# TASK DESCRIPTION:
Nothing after the line with "Quilt Block Pattern" belongs in the copy; extract the lines below from the top through that line, pictures left out.

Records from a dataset
-- Opening Marker --
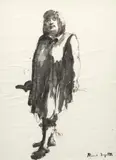 Russell Drysdale, Woman Leaning on a Bar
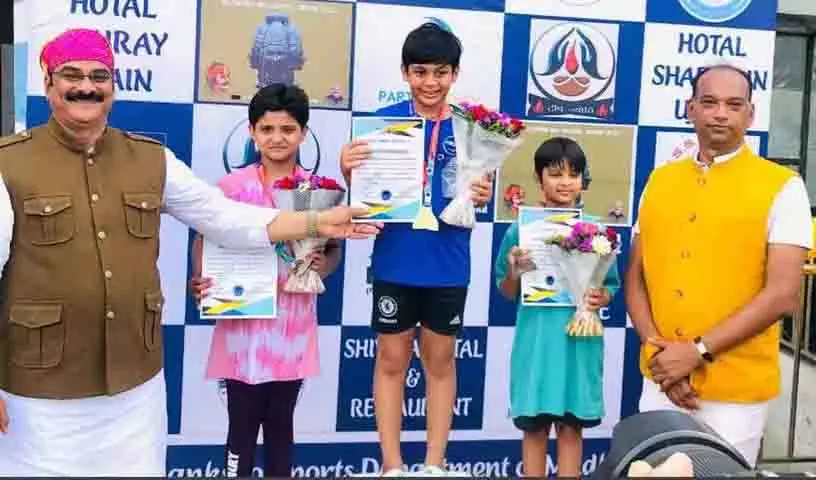 Hyderabad की तैराक हव्या डी ने राष्ट्रीय फिनस्विमिंग चैंपियनशिप 2025 में शानदार प्रदर्शन किया Hyderabad की तैराक हव्या डी ने राष्ट्रीय फिनस्विमिंग चैंपियनशिप 2025 में शानदार प्रदर्शन किया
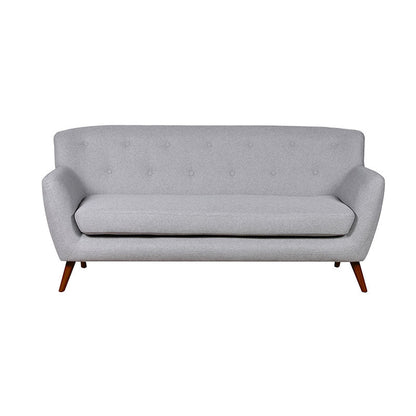 Nordic Retro 3 Seater Fabric Sofa - Sofa & Living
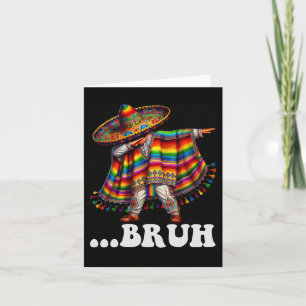 Carte Cinco De Mayo Bruh Garçon Mexicain Dabant Chapeau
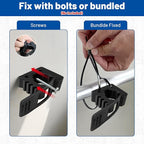 ROBLOCK Quick Release Rubber Clamp Mounts, 4-Pack Adjustable shovel clamp mount, Rubber Tool Handle Bracket for 1.25" to 1.75" Diameter, Universal Garage Storage, RV, Boat, ATV, and Any Wall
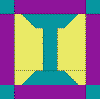 'I' Quilt Block Pattern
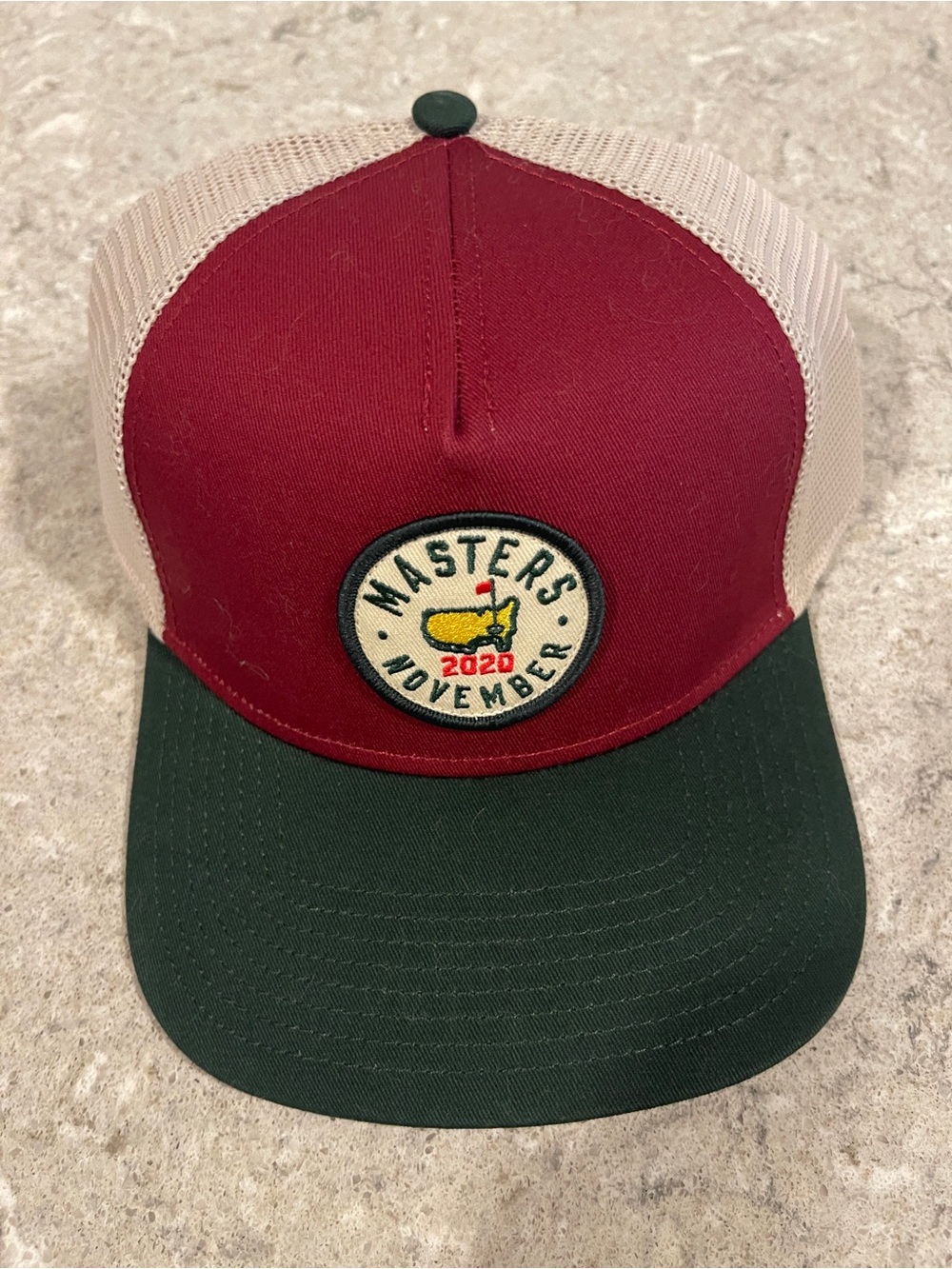 Masters November 2020 Limited COVID Year Maroon & Green Hat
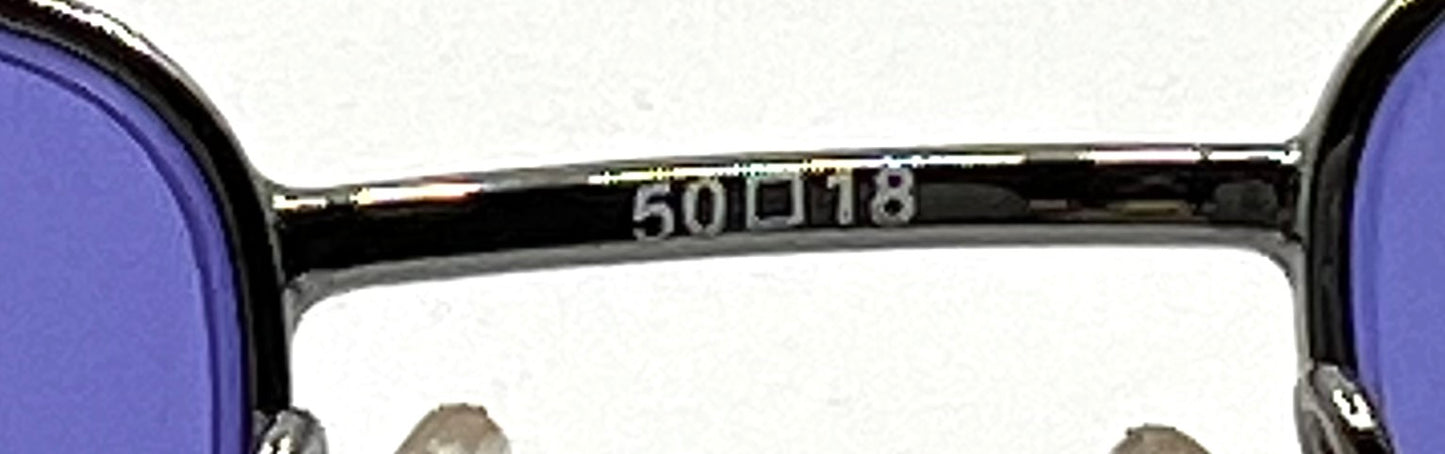 Giorgio Armani GA272-Y2K Vintage Sunglasses-New Solid Violet Blue Custom Lenses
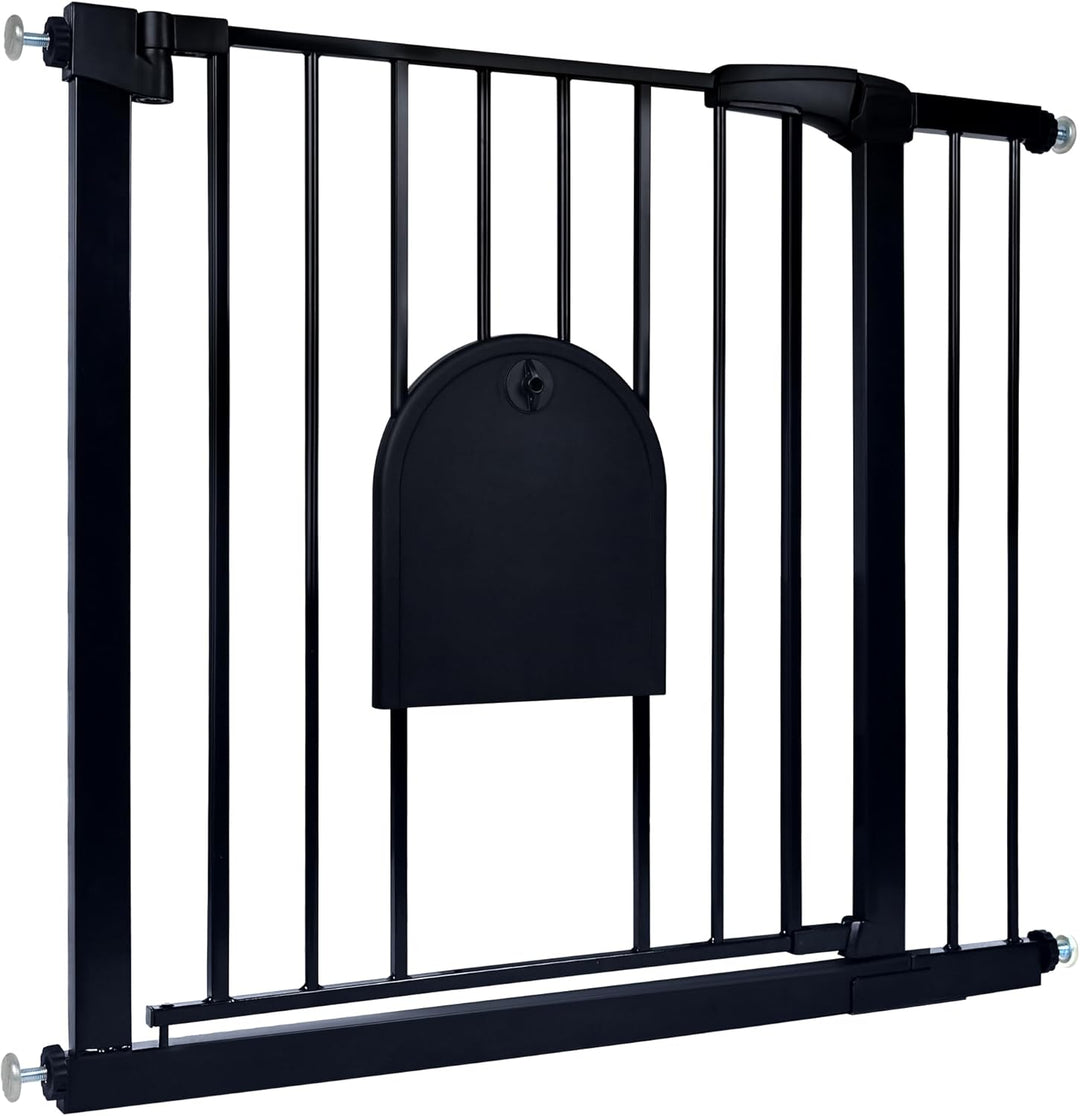 HENGMEI Treppenschutzgitter Türschutzgitter Treppengitter ohne Bohren Türgitter Baby Schutzgitter 85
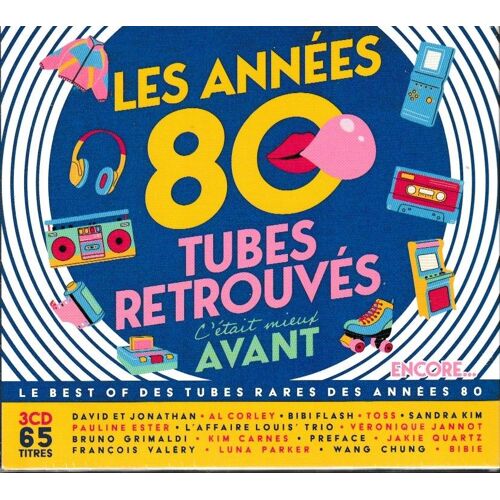 Les Années 80 Tubes Retrouvés Encore C Était Mieux Avant 3cd 65 Hits Versions Originales Artistes Originaux (P)2024 Umsm©Panthéon Universal Made In Eu Digipack Cartonné Voir Mes Photos Pour Les Titres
-- Closing Marker --
# SOLUTION BELOW:
 Russell Drysdale, Woman Leaning on a Bar
 Hyderabad की तैराक हव्या डी ने राष्ट्रीय फिनस्विमिंग चैंपियनशिप 2025 में शानदार प्रदर्शन किया Hyderabad की तैराक हव्या डी ने राष्ट्रीय फिनस्विमिंग चैंपियनशिप 2025 में शानदार प्रदर्शन किया
 Nordic Retro 3 Seater Fabric Sofa - Sofa & Living
 Carte Cinco De Mayo Bruh Garçon Mexicain Dabant Chapeau
 ROBLOCK Quick Release Rubber Clamp Mounts, 4-Pack Adjustable shovel clamp mount, Rubber Tool Handle Bracket for 1.25" to 1.75" Diameter, Universal Garage Storage, RV, Boat, ATV, and Any Wall
 'I' Quilt Block Pattern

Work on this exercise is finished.